Oh great goodness, just let him get that save....

negentropic
2020-08-03, 12:10 PM
Implosion probably leaves resurrectable remains. Generally speaking, if a save-or-die spell throws up obstacles against resurrection, those obstacles are mentioned in the spell's text. There is no mention of the destruction of all bodily remains in Implosion's description.

Do you happen to have any offhand example of a spell that does feature that kind of mention? Just for reference?

Jason
2020-08-03, 12:10 PM
You are much more assured of that than I.
Trying to kill Durkon in a vicious manner right after he has offered him an olive branch sounds to me like a good candidate for a final rejection, but perhaps you're right that he might still have another, and take it. Maybe when he discovers what the Dark One really wants he'll finally turn against the Plan and try to destroy Xykon. If he does I don't see Redcloak as surviving the story, however. It will be a redemption=death situation. He's done too many evil deeds to receive a happy ending.

Gift Jeraff
2020-08-03, 12:12 PM
I'm putting my money on this being a "fake gunshot" trope. You know the one, like in Last Crusade where the mook is pointing a gun at Indy and you hear a gunshot and then Indy is looking for his wound only to find out that Marion, not the mook, fired the gun. I think the implosion was targeted at someone behind Durkon and the art is just showing him caught up on the effect since it's so close. Maybe someone was trying to kill Durkon and Redcloak is saving him.

I realize this isn't very likely, but it's something that no one has mentioned before, so I'm mentioning it now so I'll look really cool in the unlikely event that it happens.

If we're going for longshot predictions where Reddy isn't completely rejecting Durkon's terms, then I'm going to say he's looking down and spotted the demon-roaches, so he's killing Durkon to keep up the appearance that he was just toying with the PCs and is still on Xykon's side, but in truth plans to resurrect Durkon to continue the negotiations later.

Wildstag
2020-08-03, 12:12 PM
Given the parameters of the lingering Wind Walk spell, could Durkon shift back to cloud form quickly enough to avoid being killed by the Implosion? Assuming that no other effects are brought into play?

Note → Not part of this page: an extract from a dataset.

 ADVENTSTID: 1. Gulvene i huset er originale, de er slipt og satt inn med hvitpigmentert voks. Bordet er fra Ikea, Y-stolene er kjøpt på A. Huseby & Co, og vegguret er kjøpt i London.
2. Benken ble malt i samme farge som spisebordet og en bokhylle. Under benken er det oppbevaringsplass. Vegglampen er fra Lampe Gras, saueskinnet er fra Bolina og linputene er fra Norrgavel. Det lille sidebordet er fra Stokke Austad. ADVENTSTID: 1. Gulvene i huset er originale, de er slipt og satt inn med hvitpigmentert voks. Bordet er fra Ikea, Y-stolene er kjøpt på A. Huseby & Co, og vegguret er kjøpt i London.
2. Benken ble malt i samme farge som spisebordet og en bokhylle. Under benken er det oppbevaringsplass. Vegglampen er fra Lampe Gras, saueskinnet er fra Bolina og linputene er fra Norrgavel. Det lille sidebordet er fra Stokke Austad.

It would take 5 rounds to change back and forth.

I'd kinda hoped RC would have changed somewhat concerning sunk-cost during the invasion, but apparently he's still very obstinate in that regard. Shame. If Redcloak wants immediate change, it might be best for him to go through with Thor's Plan, but on the condition that they still reset the world and create a new one where goblins are on equal footing. But that wouldn't happen in RC's lifetime, and he seems to want to live to see the change rather than put faith in it happening eventually (ironic given his whole class is about faith).

ByzantiumBhuka
2020-08-03, 12:19 PM
Sure everyone said so already, but: He MUST get a Fortitude save!!!
https://www.d20srd.org/srd/spells/implosion.htm

Oh great goodness, just let him get that save....

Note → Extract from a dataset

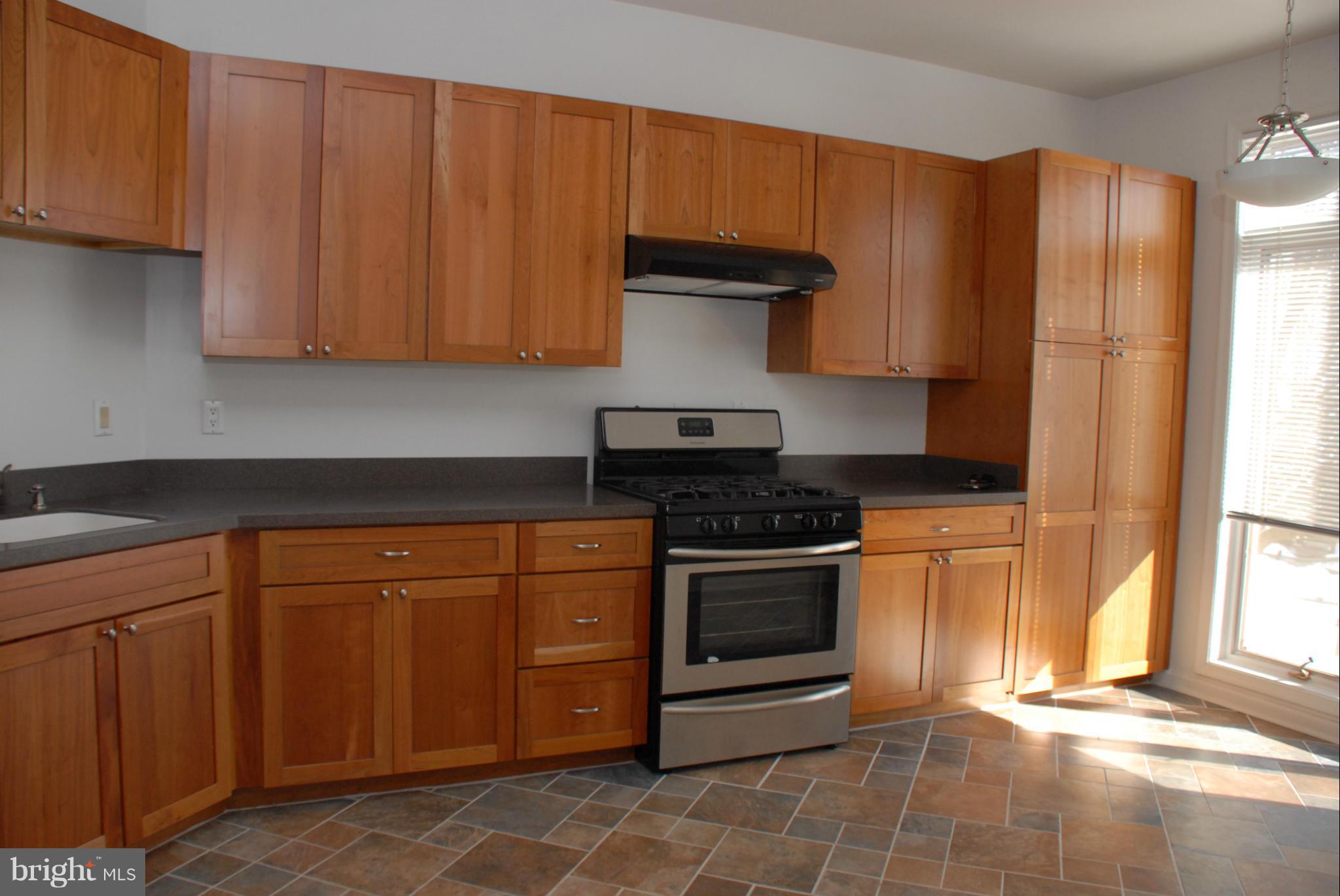 VILLAS ON WATERS EDGE - Residential Lease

Or perhaps five. (https://www.d20srd.org/srd/spells/windWalk.htm) I'm hoping beyond hope that the probability of him making all five saves is one in a million... (https://www.giantitp.com/comics/oots0584.html)

TRH
2020-08-03, 12:21 PM
Or perhaps five. (https://www.d20srd.org/srd/spells/windWalk.htm) I'm hoping beyond hope that the probability of him making all five saves is one in a million... (https://www.giantitp.com/comics/oots0584.html)

Implosion can only target the same creature once. If he saves, he is safe from this spell, and Redcloak would need to cast another to kill him.